You’ve probably been told, when it comes to debt, it’s best to avoid it altogether; and, if you happen to find yourself in debt, the best way to get rid of it is to pay it all off as quickly as possible.
While that approach makes sense mathematically, it’s definitely easier said than done.
According to a 2015 survey by The Pew Charitable Trust, 8 in 10 Americans have debt, with mortgage and credit card debt being the most common. The average mortgage balance was $130,000 in 2015, while the average credit card debt was $5,000. Auto debt averaged $14,000, while student loan debt added up to $20,000. You can see how easy it is to feel overwhelmed!
What do you do when you have debt and want to get rid of it, but aren’t quite sure how to tackle the problem? Here are two simple ways to consider paying off your debt.
Avalanche method: make a rational pay-off schedule
The avalanche method involves listing your debts from highest interest rate to lowest and making minimum payments on all debts except for the highest-rate debt. On that pricey balance, you’ll pay the minimum plus apply any extra money available. This method saves you the most money in the long run because you’ll pay off the most expensive debt soonest.

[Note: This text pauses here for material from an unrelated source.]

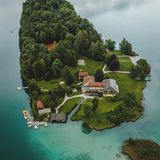 Reif für die Insel: Große Kärnten Seen-Schleife  Faaker-See-Insel - Velden am Wörthersee - Maria Wörth  Ob man den perfekten Morgen erlebt, hängt von der Entscheidung am Vorabend ab. In Kärnten am besten: mit dem Boot auf die Insel im Faaker See übersetzen und sich in Österreichs einzigem »Inselhotel« einbuchen. Dann beginnt der nächste Tag frei von Autos und umgeben von Wasser, das mal türkisblau, mal smaragdgrün schimmert, geradezu karibisch. Noch schnell alle Enten mit einem Hechtsprung in den See wecken, mit Rührei auf der Hotelterrasse die nötige Power anfuttern – dann wieder rüber aufs Festland und ab aufs Rad.  Erst umrunden wir den halben Faaker See, bevor wir den Lenker nach Norden richten. In St. Niklas wird die Drau überquert, dann biegen wir ab und erreichen nach einer gemütlichen halben Stunde Velden am Wörthersee. Wer beim Schwimmen keinen Fisch entdeckt, wird an der Uferpromenade sicher fündig: Hier brutzeln und braten zahlreiche Restaurants frischen Fang. Gut gestärkt, führen zwei Wege zum Abendziel Maria Wörth: Der erste entlang der Nordseite über Pörtschach und vorbei an Klagenfurt rund um den See. Die Abkürzung am südlichen Ufer entlang, durch die Dörfer Auen und Dellach, stets nah am See. Am Ziel endet der Tag fast so, wie er begonnen hat: mit Sushi und Cocktail auf dem Steg eines Hotels, das umgeben von türkisblauem Wasser liegt. Dieses Mal heißt es "Hotel Linde".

Let’s take a look at an example featuring monthly payments to four accounts:
Avalanchee Method: Monthly Payments
|Credit Card ||Balance ||Interest Rate ||Minimum Payment |
|Card One ||$500 ||26% ||$50 |
|Card Two ||$2,500 ||18% ||$10 |
|Card Three ||$1,000 ||15.07% ||$40 |
|Card Four ||$1,000 ||12.82% ||$40 |
Using the avalanche method, you’d make the minimum payment on credit cards two, three and four. That amounts to $90. You would also pay $50 for credit card one ($140 total), plus any additional money leftover in your budget. If you had budgeted for $200 per month to pay off credit card debt, you’d be able to throw $110 at number one, thus reducing your balance to $390.
Let’s say you are able to apply $300 a month toward paying off the cards instead. The cards would be paid off in a little less than two years, and you would’ve paid a total of $849 in interest.